Top of SOURCE MATERIAL
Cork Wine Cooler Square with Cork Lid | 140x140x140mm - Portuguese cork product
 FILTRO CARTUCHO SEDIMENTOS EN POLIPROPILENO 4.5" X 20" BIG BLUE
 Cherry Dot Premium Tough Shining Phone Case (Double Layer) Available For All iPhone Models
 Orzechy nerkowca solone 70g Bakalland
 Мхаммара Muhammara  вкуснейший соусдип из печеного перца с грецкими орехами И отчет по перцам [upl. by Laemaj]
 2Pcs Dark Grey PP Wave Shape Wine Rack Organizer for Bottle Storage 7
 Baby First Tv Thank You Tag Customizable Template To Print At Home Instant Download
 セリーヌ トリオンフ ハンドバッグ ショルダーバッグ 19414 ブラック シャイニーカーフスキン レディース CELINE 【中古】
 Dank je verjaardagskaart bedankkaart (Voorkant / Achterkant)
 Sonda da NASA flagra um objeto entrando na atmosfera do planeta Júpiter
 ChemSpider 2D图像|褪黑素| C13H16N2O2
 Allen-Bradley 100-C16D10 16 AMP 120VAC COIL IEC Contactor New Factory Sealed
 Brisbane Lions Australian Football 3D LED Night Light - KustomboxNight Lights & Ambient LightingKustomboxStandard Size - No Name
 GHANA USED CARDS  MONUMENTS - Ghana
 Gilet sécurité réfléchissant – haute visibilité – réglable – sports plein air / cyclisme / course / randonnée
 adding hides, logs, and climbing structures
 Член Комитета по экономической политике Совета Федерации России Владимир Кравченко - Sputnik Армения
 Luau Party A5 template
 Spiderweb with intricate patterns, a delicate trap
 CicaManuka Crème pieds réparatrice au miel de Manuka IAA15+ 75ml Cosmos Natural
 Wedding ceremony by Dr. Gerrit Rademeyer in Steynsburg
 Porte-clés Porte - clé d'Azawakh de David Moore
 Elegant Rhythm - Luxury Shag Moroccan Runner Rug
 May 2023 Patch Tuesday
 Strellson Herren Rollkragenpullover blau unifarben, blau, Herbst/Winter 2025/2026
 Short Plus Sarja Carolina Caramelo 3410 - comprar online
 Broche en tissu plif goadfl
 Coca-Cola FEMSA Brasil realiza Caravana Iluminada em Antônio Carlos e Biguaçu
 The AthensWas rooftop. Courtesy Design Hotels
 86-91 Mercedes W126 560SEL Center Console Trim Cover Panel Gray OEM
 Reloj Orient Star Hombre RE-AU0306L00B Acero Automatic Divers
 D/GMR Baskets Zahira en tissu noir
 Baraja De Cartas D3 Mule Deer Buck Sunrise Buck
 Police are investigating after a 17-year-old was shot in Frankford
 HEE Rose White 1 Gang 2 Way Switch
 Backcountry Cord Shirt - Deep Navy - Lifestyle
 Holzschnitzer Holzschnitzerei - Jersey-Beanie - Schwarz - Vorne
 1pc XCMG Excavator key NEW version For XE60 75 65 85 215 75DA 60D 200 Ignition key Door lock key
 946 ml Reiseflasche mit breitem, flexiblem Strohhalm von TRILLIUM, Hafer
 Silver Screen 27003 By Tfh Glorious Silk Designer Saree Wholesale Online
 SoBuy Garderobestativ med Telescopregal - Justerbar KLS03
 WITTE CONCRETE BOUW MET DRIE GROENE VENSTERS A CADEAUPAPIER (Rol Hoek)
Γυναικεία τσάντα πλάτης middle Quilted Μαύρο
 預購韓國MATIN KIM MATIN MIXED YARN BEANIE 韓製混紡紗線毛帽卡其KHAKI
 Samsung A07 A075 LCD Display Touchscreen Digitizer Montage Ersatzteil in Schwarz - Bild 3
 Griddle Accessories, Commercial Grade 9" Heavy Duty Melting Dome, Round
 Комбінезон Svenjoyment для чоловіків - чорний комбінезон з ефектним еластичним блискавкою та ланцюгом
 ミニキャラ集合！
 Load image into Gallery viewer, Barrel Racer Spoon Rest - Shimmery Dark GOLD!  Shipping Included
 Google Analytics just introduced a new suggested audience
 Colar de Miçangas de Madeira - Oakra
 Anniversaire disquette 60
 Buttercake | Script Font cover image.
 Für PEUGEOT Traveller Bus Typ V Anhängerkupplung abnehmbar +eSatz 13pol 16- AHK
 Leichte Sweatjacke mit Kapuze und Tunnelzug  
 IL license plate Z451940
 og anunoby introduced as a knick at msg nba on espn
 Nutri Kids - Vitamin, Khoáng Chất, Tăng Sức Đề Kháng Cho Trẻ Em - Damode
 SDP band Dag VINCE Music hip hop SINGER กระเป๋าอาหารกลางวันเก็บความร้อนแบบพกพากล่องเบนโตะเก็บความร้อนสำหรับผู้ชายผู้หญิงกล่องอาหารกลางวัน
Bottom of SOURCE MATERIAL
WHAT IS EXPECTED:
Please, from the entries above, set down exactly the lines from the one containing "2Pcs Dark Grey" through the one containing "Holzschnitzer Holzschnitzerei - Jersey-Beanie", and only those.

COMPLETED TASK:
 2Pcs Dark Grey PP Wave Shape Wine Rack Organizer for Bottle Storage 7
 Baby First Tv Thank You Tag Customizable Template To Print At Home Instant Download
 セリーヌ トリオンフ ハンドバッグ ショルダーバッグ 19414 ブラック シャイニーカーフスキン レディース CELINE 【中古】
 Dank je verjaardagskaart bedankkaart (Voorkant / Achterkant)
 Sonda da NASA flagra um objeto entrando na atmosfera do planeta Júpiter
 ChemSpider 2D图像|褪黑素| C13H16N2O2
 Allen-Bradley 100-C16D10 16 AMP 120VAC COIL IEC Contactor New Factory Sealed
 Brisbane Lions Australian Football 3D LED Night Light - KustomboxNight Lights & Ambient LightingKustomboxStandard Size - No Name
 GHANA USED CARDS  MONUMENTS - Ghana
 Gilet sécurité réfléchissant – haute visibilité – réglable – sports plein air / cyclisme / course / randonnée
 adding hides, logs, and climbing structures
 Член Комитета по экономической политике Совета Федерации России Владимир Кравченко - Sputnik Армения
 Luau Party A5 template
 Spiderweb with intricate patterns, a delicate trap
 CicaManuka Crème pieds réparatrice au miel de Manuka IAA15+ 75ml Cosmos Natural
 Wedding ceremony by Dr. Gerrit Rademeyer in Steynsburg
 Porte-clés Porte - clé d'Azawakh de David Moore
 Elegant Rhythm - Luxury Shag Moroccan Runner Rug
 May 2023 Patch Tuesday
 Strellson Herren Rollkragenpullover blau unifarben, blau, Herbst/Winter 2025/2026
 Short Plus Sarja Carolina Caramelo 3410 - comprar online
 Broche en tissu plif goadfl
 Coca-Cola FEMSA Brasil realiza Caravana Iluminada em Antônio Carlos e Biguaçu
 The AthensWas rooftop. Courtesy Design Hotels
 86-91 Mercedes W126 560SEL Center Console Trim Cover Panel Gray OEM
 Reloj Orient Star Hombre RE-AU0306L00B Acero Automatic Divers
 D/GMR Baskets Zahira en tissu noir
 Baraja De Cartas D3 Mule Deer Buck Sunrise Buck
 Police are investigating after a 17-year-old was shot in Frankford
 HEE Rose White 1 Gang 2 Way Switch
 Backcountry Cord Shirt - Deep Navy - Lifestyle
 Holzschnitzer Holzschnitzerei - Jersey-Beanie - Schwarz - Vorne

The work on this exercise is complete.